Aim of the exercise: Your job is to print the listing exactly.

--- --- ---

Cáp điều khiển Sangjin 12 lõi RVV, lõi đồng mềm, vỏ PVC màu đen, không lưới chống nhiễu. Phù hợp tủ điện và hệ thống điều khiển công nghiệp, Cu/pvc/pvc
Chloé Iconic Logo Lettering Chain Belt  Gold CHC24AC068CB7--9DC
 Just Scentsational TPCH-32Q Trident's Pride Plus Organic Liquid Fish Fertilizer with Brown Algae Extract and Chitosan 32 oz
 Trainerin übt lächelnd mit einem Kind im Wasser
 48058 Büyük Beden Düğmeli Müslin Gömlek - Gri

--- --- ---

Answer section:
Cáp điều khiển Sangjin 12 lõi RVV, lõi đồng mềm, vỏ PVC màu đen, không lưới chống nhiễu. Phù hợp tủ điện và hệ thống điều khiển công nghiệp, Cu/pvc/pvc
Chloé Iconic Logo Lettering Chain Belt  Gold CHC24AC068CB7--9DC
 Just Scentsational TPCH-32Q Trident's Pride Plus Organic Liquid Fish Fertilizer with Brown Algae Extract and Chitosan 32 oz
 Trainerin übt lächelnd mit einem Kind im Wasser
 48058 Büyük Beden Düğmeli Müslin Gömlek - Gri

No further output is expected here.